- Directions for this task -
After locating the line that contains "Multimídia Com Moldura" in the material below, copy that line and each one following it, exactly, up to the last line. Pictures stay out.

════════════════

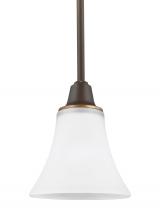 Generation Lighting 6113201-715 - Metcalf One Light Mini-Pendant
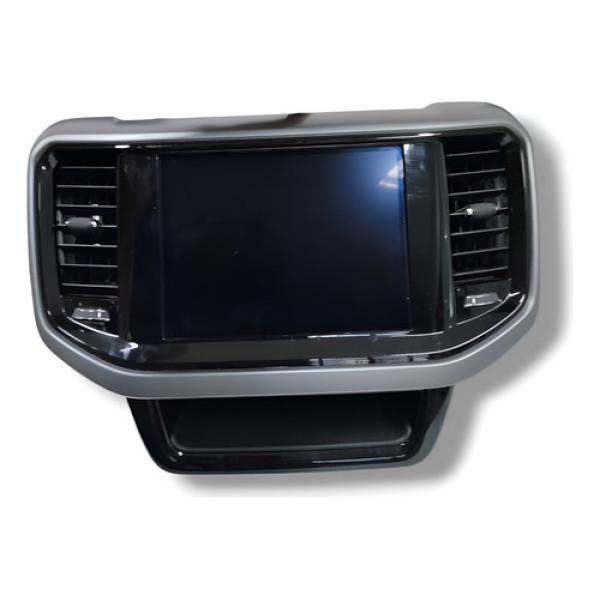 Multimídia Com Moldura Fiat Toro Freed T270 At6 2024 Cinza-escuro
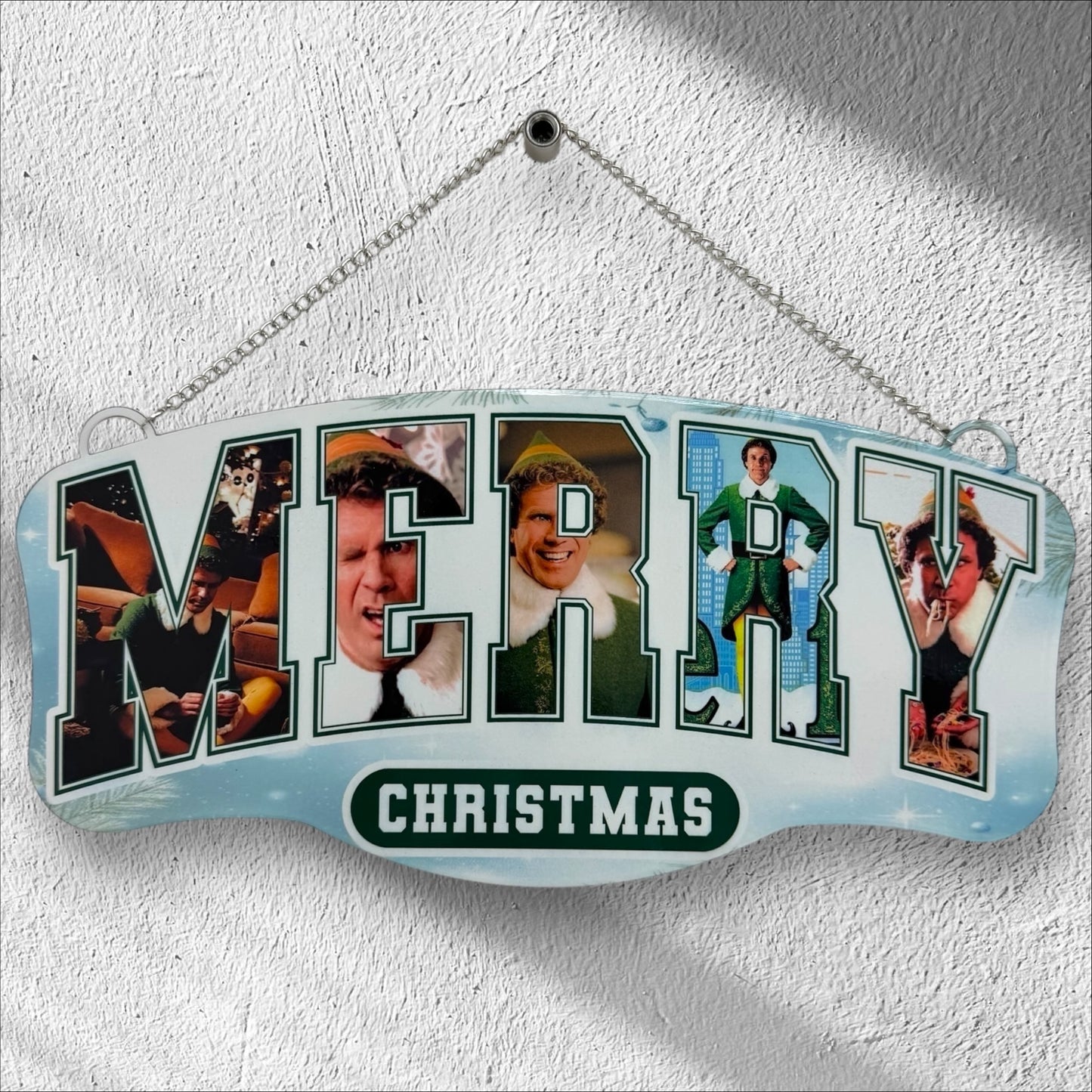 Merry Christmas Movie themed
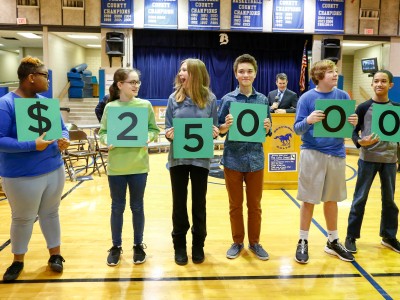 Lexington 2017 students spell 25000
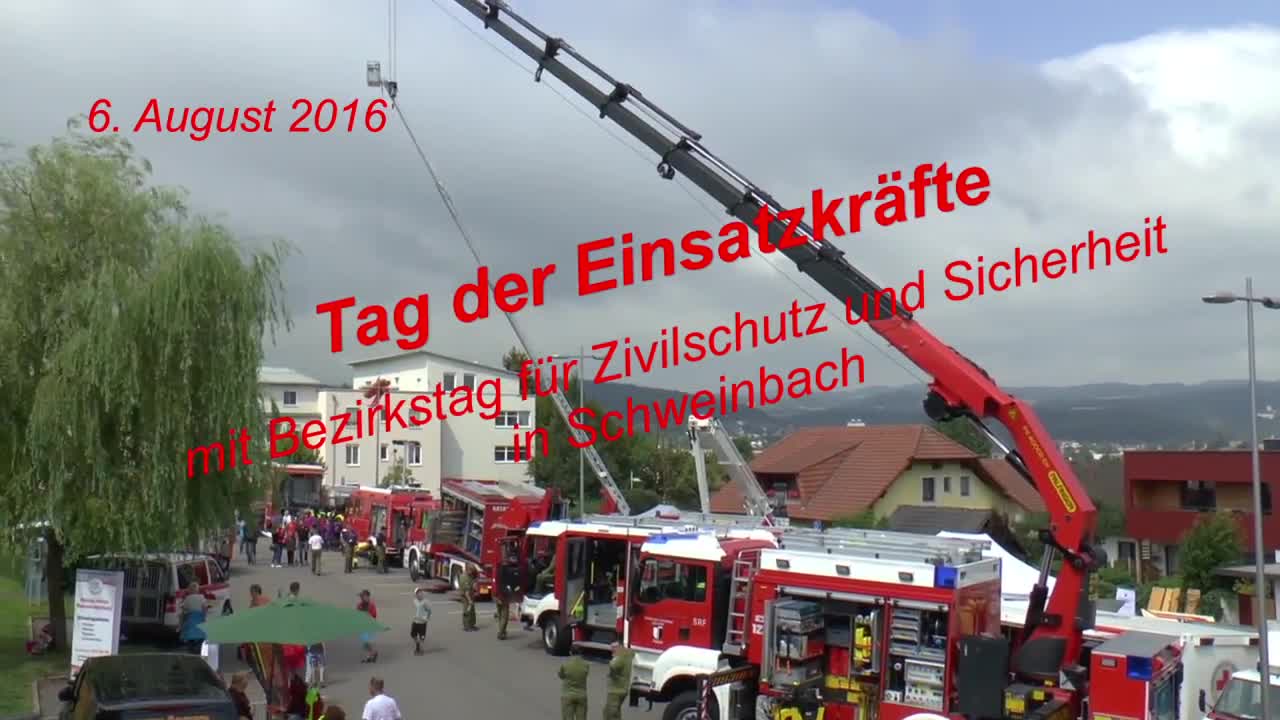 Tag der Einsatzkräfte in Schweinbach 2016, Teil 2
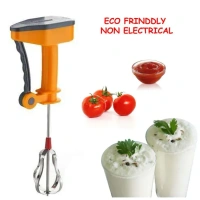 Power-Free Blender – Manual Hand Blender & Mixer - EASY RETURN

════════════════

- Expected output -
 Multimídia Com Moldura Fiat Toro Freed T270 At6 2024 Cinza-escuro
 Merry Christmas Movie themed
 Lexington 2017 students spell 25000
 Tag der Einsatzkräfte in Schweinbach 2016, Teil 2
 Power-Free Blender – Manual Hand Blender & Mixer - EASY RETURN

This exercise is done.